AMPS protects against loops in passthrough replication by tracking the instance names or group names that a message has passed through. AMPS does not allow a message to travel through the same instance and group name more than once.

Caution

When using passthrough, AMPS will not send a message to an instance that the message has already traveled through to protect against replication loops.

If an instance replicates a queue (distributed queue) or a group local queue, it must also provide passthrough for any incoming replication group that replicates that topic (even if the incoming replication connection is from the same group that this instance belongs to). The reason for this is simple: AMPS must ensure that messages for a replicated queue, including acknowledgments and transfer messages, are able to reach every instance that hosts the queue if possible, even if a network connection fails or an instance goes offline. Therefore, this instance must pass through messages received from other instances that affect the queue.

Guarantees on Ordering

For each publisher, on a single topic, AMPS is guaranteed to deliver messages to subscribers in the same order that the messages were published by the original publisher. This guarantee holds true regardless of how many publishers or how many subscribers are connected to AMPS at any one time.

For each instance, AMPS is guaranteed to deliver messages in the order in which the messages were received by the instance, regardless of whether a message is received directly from a publisher or indirectly via replication. The message order for the instance is recorded in the transaction log, and is guaranteed to remain consistent across server restarts.

These guarantees mean that subscribers will not spend unnecessary CPU cycles checking timestamps or other message content to verify which message is the most recent, or reordering messages during playback.

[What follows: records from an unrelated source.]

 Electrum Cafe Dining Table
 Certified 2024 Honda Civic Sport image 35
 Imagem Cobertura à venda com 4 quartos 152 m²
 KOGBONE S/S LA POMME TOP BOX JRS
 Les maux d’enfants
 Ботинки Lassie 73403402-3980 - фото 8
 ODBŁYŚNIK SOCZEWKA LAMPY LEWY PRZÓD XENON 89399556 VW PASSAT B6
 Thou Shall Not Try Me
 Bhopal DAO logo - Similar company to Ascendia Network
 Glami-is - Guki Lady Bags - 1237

This frees up subscriber resources to do more important work.

AMPS preserves an absolute order across topics for a single subscription for all topics except views, queues, and conflated topics. Applications often rely on this behavior to correlate the times at which messages to different topics were processed by AMPS. See Message Ordering for more information.

Replication Security

AMPS allows authorization and entitlement to be configured on replication destinations. For the instance that receives connections, you simply configure Authentication and Entitlement for the transport definition for the destination, as shown below:

<Transports>
    <Transport>
        <Name>amps-replication</Name>
        <Type>amps-replication</Type>
        <InetAddr>10005</InetAddr>

        <!-- Specifies the entitlement module to use to check permissions for incoming
            connections. The module specified must be defined in the Modules section of the
            config file, or be one of the default modules provided by AMPS. This snippet
            uses the default module provided by AMPS for example purposes. -->
        <Entitlement>
            <Module>amps-default-entitlement-module</Module>
        </Entitlement>

        <!-- Specifies the authentication module to use to verify identity for incoming
            connections. The module specified must be defined in the Modules section of the
            config file, or be one of the default modules provided by AMPS. This snippet
            uses the default module provided by AMPS for example purposes. -->
        <Authentication>
            <Module>amps-default-authentication-module</Module>
       </Authentication>
    </Transport>
 ...
</Transports>

For incoming connections, configuration is the same as for other types of transports.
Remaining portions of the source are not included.